[WORK TASK]:
From the top of the entries below through the line containing "BeautifulGia webcam", return every line exactly as written, please, and stop there.

Items listed in a dataset:
○ ○ ○ ○
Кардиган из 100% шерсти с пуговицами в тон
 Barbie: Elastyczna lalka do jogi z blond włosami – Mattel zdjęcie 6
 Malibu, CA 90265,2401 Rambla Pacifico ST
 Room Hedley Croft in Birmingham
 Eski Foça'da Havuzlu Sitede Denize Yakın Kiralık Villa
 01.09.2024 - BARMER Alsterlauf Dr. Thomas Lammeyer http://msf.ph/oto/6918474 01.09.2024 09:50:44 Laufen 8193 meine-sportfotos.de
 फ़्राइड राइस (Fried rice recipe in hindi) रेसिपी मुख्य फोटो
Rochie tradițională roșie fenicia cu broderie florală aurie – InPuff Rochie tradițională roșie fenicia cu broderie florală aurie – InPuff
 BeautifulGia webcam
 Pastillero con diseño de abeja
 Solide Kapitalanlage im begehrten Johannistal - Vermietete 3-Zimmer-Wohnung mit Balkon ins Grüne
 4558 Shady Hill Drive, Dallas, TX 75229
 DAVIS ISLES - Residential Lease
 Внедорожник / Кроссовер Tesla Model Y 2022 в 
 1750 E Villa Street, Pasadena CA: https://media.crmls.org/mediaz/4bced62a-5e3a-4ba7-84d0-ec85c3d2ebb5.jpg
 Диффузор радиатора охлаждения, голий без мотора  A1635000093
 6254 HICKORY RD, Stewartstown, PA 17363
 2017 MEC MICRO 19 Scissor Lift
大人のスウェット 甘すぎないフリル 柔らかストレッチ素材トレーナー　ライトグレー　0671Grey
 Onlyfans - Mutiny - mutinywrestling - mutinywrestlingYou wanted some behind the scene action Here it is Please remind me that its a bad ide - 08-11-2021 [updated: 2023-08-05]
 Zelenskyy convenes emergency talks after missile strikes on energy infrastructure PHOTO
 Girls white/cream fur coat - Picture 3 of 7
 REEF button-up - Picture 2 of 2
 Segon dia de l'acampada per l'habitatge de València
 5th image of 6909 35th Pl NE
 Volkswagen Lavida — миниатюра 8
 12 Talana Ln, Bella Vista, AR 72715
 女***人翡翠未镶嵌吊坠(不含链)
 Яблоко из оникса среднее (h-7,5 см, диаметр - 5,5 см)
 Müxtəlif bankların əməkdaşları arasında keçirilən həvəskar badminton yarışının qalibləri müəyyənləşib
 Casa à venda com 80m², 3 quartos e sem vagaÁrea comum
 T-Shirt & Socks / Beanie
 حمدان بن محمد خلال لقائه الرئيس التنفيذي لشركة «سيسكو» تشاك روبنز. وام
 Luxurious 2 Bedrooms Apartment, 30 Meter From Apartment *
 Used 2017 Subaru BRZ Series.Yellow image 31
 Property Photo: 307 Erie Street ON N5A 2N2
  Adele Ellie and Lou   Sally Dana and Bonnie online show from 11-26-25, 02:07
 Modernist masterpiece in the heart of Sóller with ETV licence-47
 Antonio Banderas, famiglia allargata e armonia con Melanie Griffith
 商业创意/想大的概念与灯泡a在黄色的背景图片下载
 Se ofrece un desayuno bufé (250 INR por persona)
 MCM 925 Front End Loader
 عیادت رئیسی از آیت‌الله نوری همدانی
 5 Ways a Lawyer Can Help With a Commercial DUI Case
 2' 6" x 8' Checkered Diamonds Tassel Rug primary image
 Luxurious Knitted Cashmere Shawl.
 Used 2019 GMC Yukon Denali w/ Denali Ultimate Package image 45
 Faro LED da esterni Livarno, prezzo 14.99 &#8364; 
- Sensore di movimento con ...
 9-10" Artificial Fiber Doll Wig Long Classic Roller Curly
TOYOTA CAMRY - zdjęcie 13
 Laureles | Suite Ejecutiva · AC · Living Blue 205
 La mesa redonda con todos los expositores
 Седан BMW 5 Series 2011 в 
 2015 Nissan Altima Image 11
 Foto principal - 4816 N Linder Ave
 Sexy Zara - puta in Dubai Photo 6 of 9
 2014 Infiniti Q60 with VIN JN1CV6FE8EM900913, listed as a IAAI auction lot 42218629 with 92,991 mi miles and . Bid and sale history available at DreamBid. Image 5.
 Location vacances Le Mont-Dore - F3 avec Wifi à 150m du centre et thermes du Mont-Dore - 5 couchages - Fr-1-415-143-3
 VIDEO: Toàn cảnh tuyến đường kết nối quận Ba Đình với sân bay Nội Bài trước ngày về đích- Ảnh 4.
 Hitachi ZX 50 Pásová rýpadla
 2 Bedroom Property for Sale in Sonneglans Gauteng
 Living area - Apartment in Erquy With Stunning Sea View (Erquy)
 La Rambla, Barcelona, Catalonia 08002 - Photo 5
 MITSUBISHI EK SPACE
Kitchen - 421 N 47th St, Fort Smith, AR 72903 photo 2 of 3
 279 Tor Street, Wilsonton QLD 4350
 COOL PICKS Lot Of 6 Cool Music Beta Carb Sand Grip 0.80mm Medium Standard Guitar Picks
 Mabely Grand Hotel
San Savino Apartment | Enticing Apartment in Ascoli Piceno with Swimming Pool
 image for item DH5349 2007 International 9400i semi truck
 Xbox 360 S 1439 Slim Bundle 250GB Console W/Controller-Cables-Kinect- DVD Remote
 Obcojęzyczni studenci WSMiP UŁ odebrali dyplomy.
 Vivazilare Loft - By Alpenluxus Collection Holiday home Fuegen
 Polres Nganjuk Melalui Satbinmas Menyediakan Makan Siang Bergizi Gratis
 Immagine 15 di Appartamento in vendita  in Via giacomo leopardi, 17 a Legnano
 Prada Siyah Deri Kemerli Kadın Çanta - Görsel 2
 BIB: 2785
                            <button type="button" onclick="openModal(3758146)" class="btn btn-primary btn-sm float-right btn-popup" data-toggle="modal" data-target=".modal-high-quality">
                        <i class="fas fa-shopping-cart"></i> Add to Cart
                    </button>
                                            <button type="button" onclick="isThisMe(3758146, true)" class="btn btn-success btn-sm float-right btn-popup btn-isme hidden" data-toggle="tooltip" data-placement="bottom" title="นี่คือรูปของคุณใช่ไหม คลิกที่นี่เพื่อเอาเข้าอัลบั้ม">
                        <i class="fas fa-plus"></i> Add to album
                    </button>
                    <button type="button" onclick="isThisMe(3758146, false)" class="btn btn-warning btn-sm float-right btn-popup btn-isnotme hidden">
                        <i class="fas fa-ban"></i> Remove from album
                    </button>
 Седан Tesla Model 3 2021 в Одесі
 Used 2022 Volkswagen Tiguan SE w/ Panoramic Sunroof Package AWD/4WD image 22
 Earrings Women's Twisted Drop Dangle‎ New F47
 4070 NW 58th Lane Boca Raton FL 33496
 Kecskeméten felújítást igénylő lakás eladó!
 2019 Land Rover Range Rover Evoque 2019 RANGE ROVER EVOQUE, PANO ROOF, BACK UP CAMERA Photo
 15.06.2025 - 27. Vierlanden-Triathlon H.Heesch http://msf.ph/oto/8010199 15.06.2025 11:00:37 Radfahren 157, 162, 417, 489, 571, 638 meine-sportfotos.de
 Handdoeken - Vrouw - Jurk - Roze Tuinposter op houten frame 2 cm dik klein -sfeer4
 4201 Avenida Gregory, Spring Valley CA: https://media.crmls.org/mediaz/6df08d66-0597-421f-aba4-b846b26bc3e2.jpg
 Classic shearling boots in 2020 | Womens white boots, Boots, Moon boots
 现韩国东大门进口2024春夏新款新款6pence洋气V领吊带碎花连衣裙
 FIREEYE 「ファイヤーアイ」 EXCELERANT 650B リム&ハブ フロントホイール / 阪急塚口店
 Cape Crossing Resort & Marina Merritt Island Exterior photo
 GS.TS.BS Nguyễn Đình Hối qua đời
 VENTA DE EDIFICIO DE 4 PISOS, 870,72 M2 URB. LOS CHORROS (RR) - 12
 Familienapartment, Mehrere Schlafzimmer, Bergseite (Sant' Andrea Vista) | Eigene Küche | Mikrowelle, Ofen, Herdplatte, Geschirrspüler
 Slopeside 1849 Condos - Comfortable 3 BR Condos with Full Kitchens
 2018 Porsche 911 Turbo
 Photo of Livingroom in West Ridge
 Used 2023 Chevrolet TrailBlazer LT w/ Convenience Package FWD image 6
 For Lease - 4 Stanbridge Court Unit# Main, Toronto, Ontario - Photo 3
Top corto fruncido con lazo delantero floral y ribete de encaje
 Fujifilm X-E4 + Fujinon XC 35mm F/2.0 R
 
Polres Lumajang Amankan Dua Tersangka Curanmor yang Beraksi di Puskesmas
○ ○ ○ ○
[RESPONSE]:
Кардиган из 100% шерсти с пуговицами в тон
 Barbie: Elastyczna lalka do jogi z blond włosami – Mattel zdjęcie 6
 Malibu, CA 90265,2401 Rambla Pacifico ST
 Room Hedley Croft in Birmingham
 Eski Foça'da Havuzlu Sitede Denize Yakın Kiralık Villa
 01.09.2024 - BARMER Alsterlauf Dr. Thomas Lammeyer http://msf.ph/oto/6918474 01.09.2024 09:50:44 Laufen 8193 meine-sportfotos.de
 फ़्राइड राइस (Fried rice recipe in hindi) रेसिपी मुख्य फोटो
Rochie tradițională roșie fenicia cu broderie florală aurie – InPuff Rochie tradițională roșie fenicia cu broderie florală aurie – InPuff
 BeautifulGia webcam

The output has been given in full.